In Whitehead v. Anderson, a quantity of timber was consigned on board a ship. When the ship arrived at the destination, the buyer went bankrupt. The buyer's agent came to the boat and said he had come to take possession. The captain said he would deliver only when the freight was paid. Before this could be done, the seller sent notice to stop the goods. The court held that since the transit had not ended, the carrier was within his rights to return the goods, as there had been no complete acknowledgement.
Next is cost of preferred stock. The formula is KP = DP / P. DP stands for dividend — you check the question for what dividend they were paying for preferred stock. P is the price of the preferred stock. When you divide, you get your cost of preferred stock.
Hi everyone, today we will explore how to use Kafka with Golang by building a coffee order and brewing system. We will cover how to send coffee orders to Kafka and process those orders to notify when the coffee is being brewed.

* * *

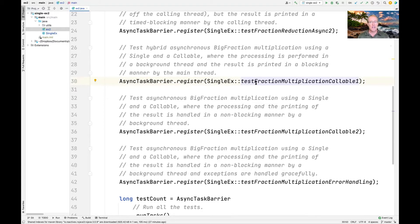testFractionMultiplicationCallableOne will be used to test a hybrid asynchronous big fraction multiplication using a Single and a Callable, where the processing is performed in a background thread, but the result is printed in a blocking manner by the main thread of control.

==

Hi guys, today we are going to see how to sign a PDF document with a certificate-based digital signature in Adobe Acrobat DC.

Exercise prompt:
In the records, which lines mention the word "today"? Copy those lines.

Answer for this exercise:
Hi everyone, today we will explore how to use Kafka with Golang by building a coffee order and brewing system. We will cover how to send coffee orders to Kafka and process those orders to notify when the coffee is being brewed.
Hi guys, today we are going to see how to sign a PDF document with a certificate-based digital signature in Adobe Acrobat DC.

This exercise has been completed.